- RAW DATA
_ _ _ _ _ _ _

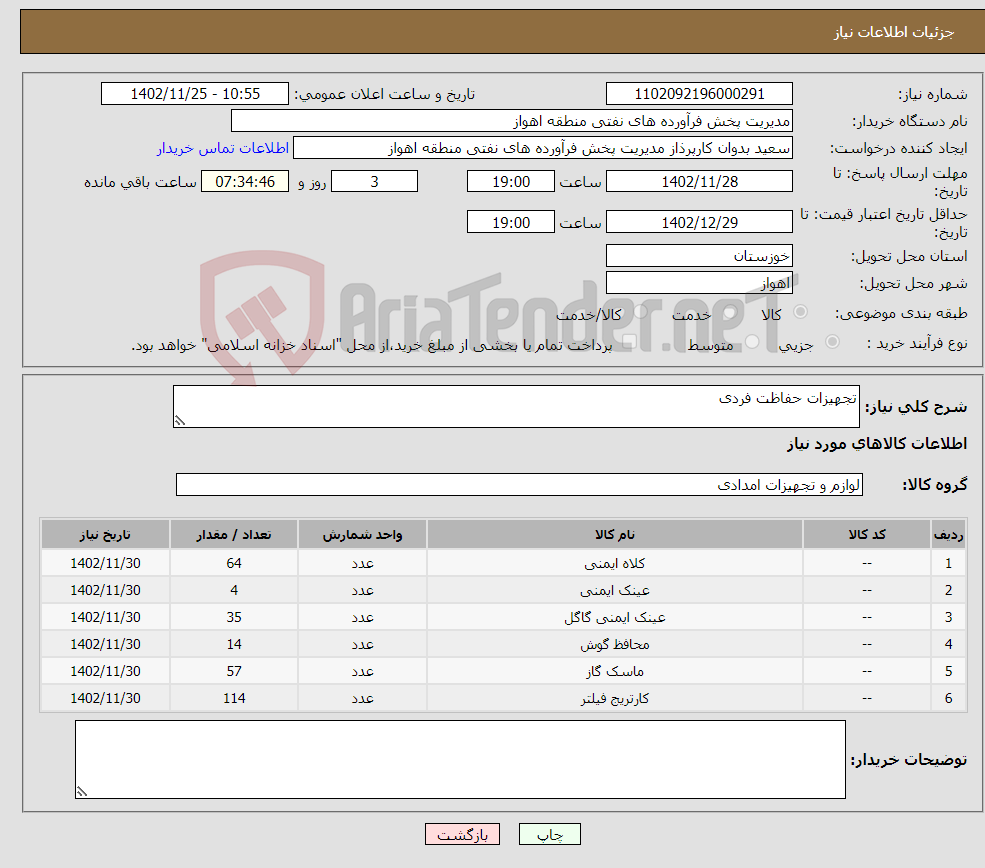 تصویر کوچک آگهی نیاز انتخاب تامین کننده-تجهیزات حفاظت فردی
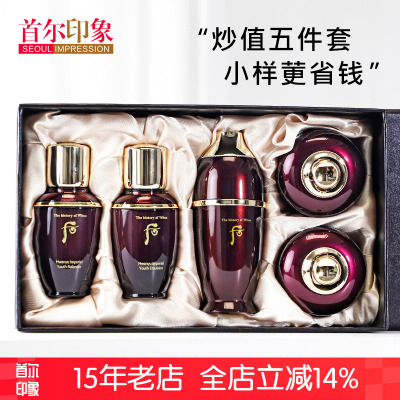 后还幼凝颜五件套中小样65ml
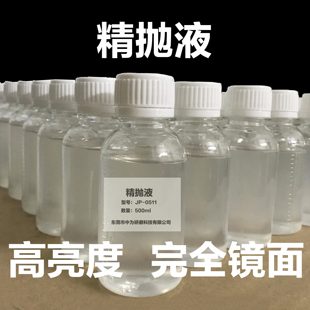 精抛抛光 抛光镜液抛光液液液面金属模具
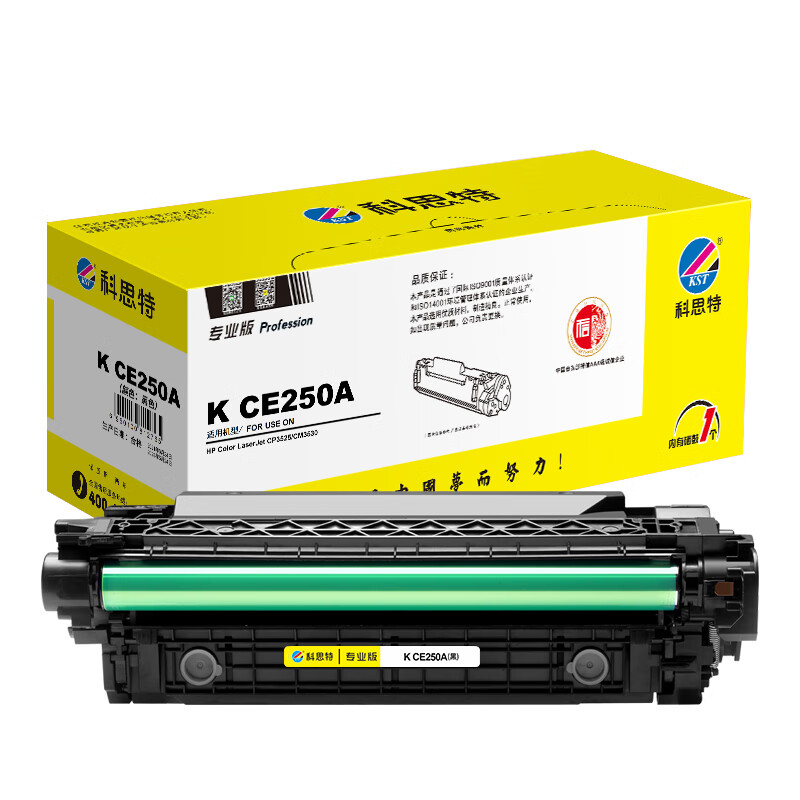 科思特 K CE250A-1 专业版  约5000页 适用惠普 CP3525等 一体式硒鼓 1.00 只/支 (计价单位：支) 黑色  黑色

_ _ _ _ _ _ _

- WHAT IS EXPECTED
Return an exact transcription of the material, with its pictures left out.

- ANSWER BOX
 تصویر کوچک آگهی نیاز انتخاب تامین کننده-تجهیزات حفاظت فردی
 后还幼凝颜五件套中小样65ml
 精抛抛光 抛光镜液抛光液液液面金属模具
 科思特 K CE250A-1 专业版  约5000页 适用惠普 CP3525等 一体式硒鼓 1.00 只/支 (计价单位：支) 黑色  黑色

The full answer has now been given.